Highly radioactive water gushed from a decontamination pipe at the No. 3 reactor before workers noticed and turned it off, while newly released images of the fuel storage pool at the same reactor have illustrated the difficulty of clear-up work.
Highly radioactive water gushed from a decontamination pipe at the No. 3 reactor before workers noticed and turned it off, while newly released images of the fuel storage pool at the same reactor have illustrated the difficulty of clear-up work.
Tokyo Electric Power Co., operator of the Fukushima No. 1 nuclear power plant, released photos Oct. 15 showing rubble and broken equipment inside the water-filled storage pool, taken by a camera probe inserted Oct. 11 and 12.
One image shows the submerged motor of a 35-ton fuel hoist, which fell into the pool in a hydrogen explosion in March 2011.
TEPCO said the images allow it to figure out the machine's orientation. The hoist is lying in the pool's northern section, apparently having toppled from the east side toward the west.
Another image showed lumps of concrete lying on a rack that would ordinarily hold spent fuel.
TEPCO is trying to picture conditions inside the pool in order to prepare to remove debris, including the broken hoist.
Because of high radiation levels, workers have been using remotely operated equipment to clear rubble nearby.
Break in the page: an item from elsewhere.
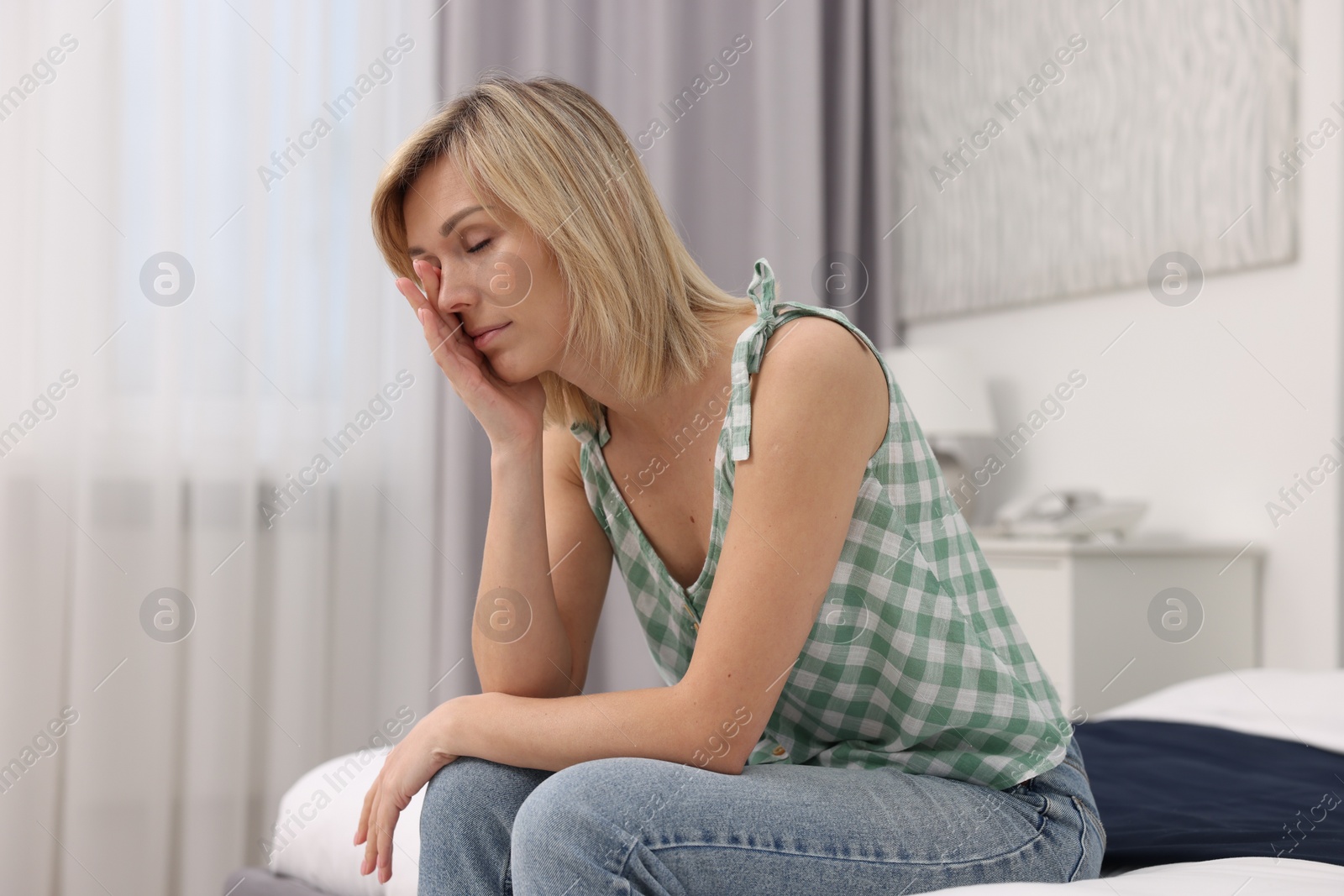 Photo of Overwhelmed woman sitting on bed at home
However, that operation ran into difficulties when a steel beam fell into the pool.
Separately, TEPCO reported that 90 liters of highly radioactive water spewed from a pipe on the first floor of the No. 3 reactor’s turbine building.
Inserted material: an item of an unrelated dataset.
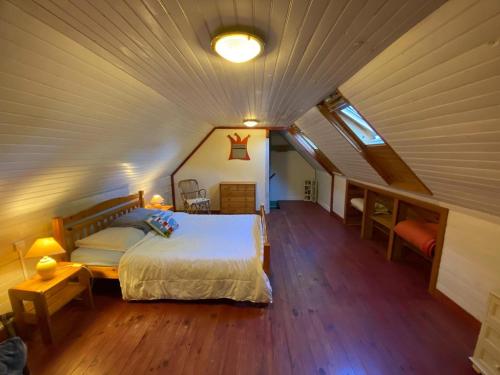 une chambre avec un grand lit dans un grenier dans l'établissement gite du mouton pêcheur, à Penmarcʼh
The water was contained within the building, the company said.
TEPCO said a worker employed by a subcontractor discovered water gushing from the pipe around 10 a.m. on Oct. 15, and raised the alarm.
The pipe delivers contaminated water from the building basement to a purification facility.
The company said the leak stopped after operators halted a pump. It had trouble with the same pipe in August, when 4 tons of water leaked out.